→ Try it: Output, exactly and with no pictures, the line that contains "Borobudur Vesak Lantern" and every line that comes after it in the data below, the last one included.

Data shown Start Marker

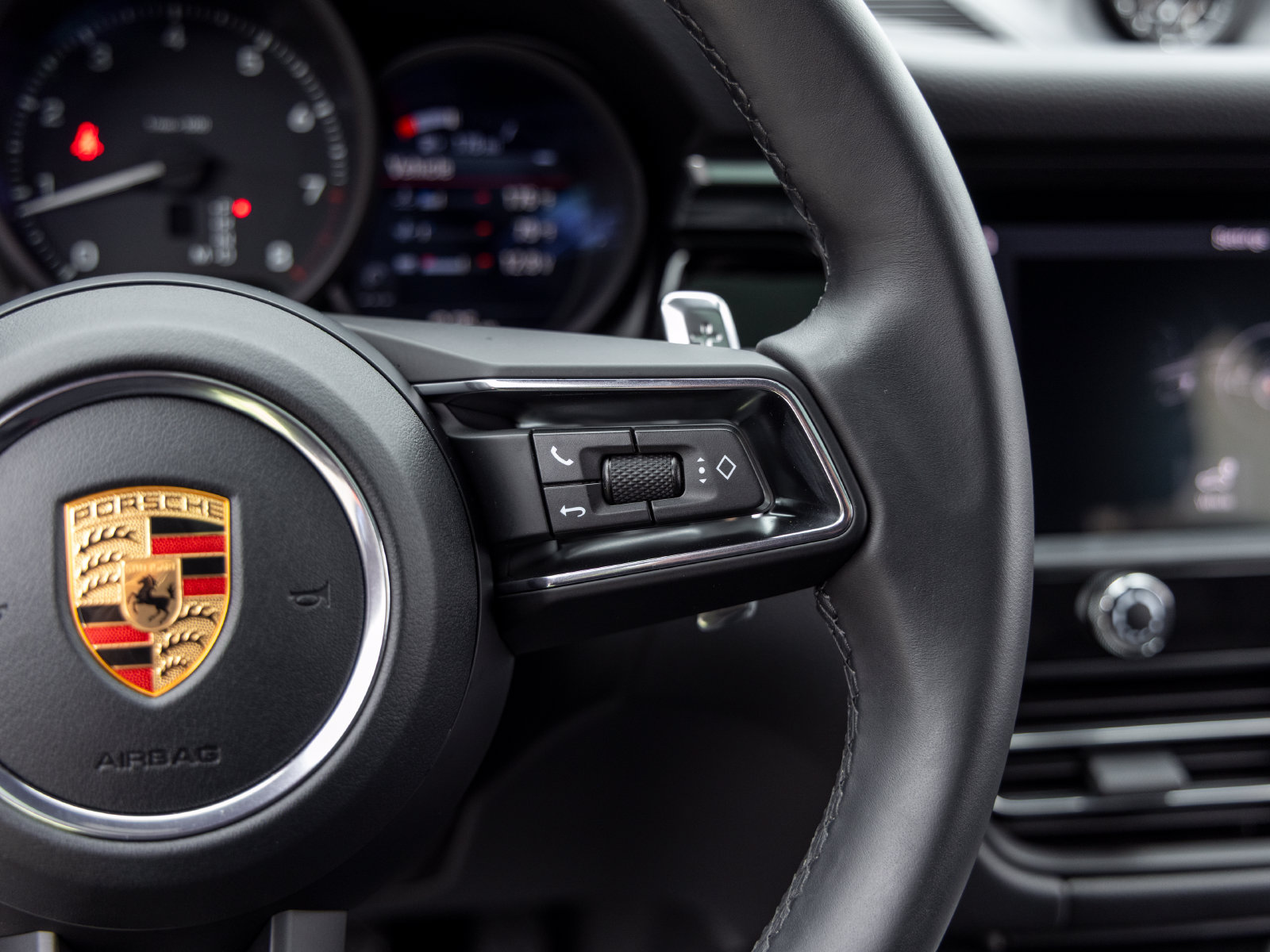 Used 2026 Porsche Macan AWD/4WD image 36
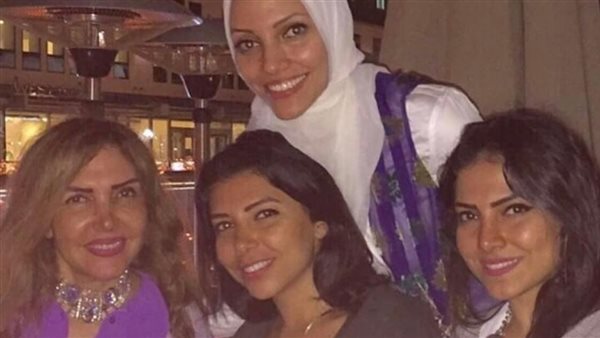 نادية مصطفى وبناتها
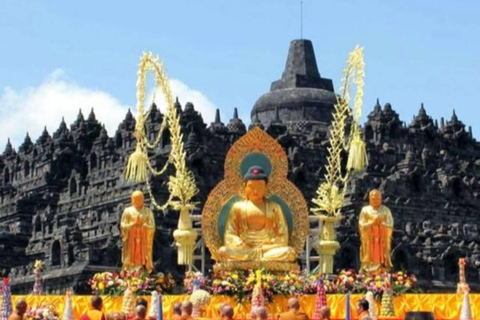 Borobudur Vesak Lantern 2026: Magical Night Tour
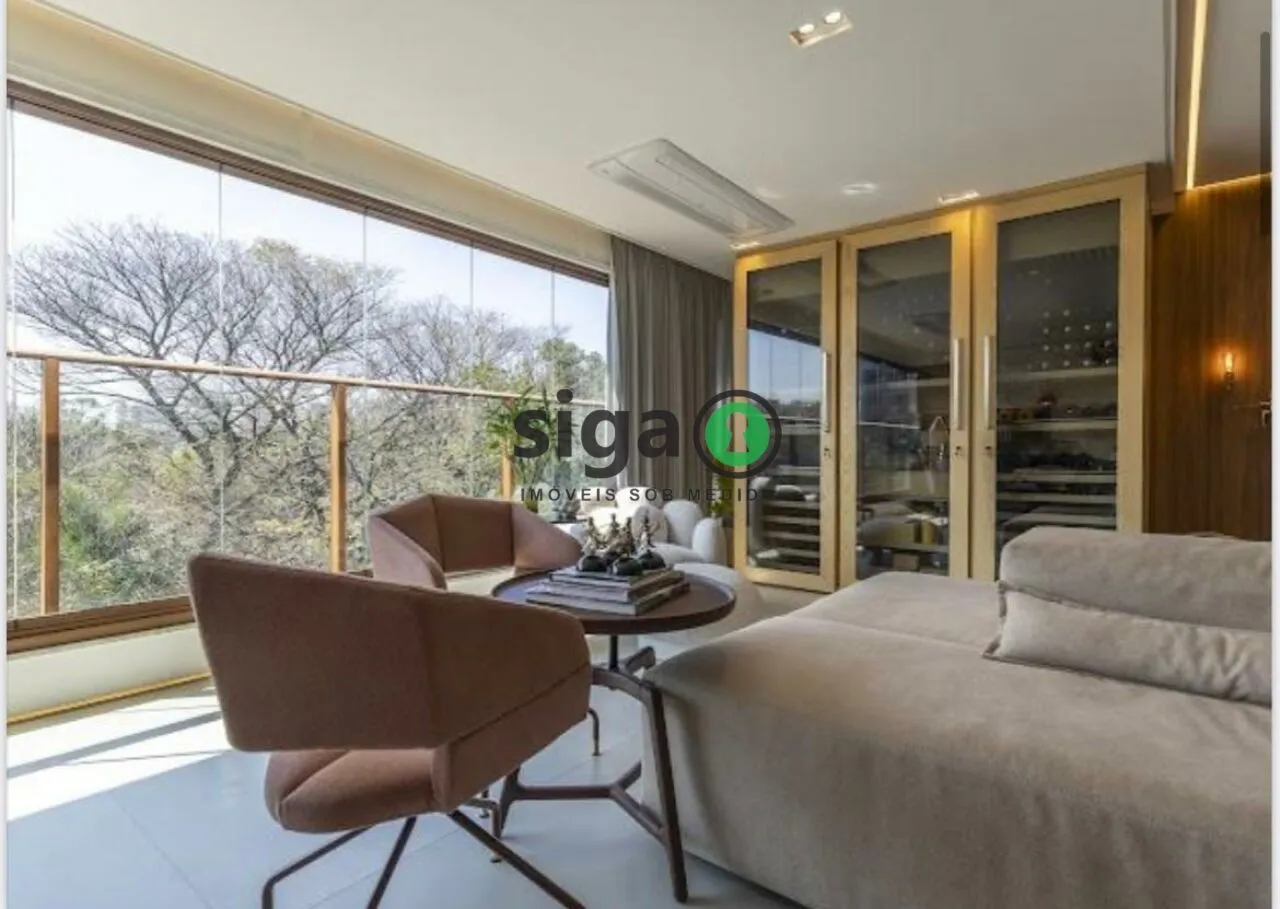 Imagem Apto com 142m² à Venda no Campo Belo, com 2 suites, sendo a máster com closet, 2 vagas, Mobiliado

Data shown End Marker

→ Written answer:
 Borobudur Vesak Lantern 2026: Magical Night Tour
 Imagem Apto com 142m² à Venda no Campo Belo, com 2 suites, sendo a máster com closet, 2 vagas, Mobiliado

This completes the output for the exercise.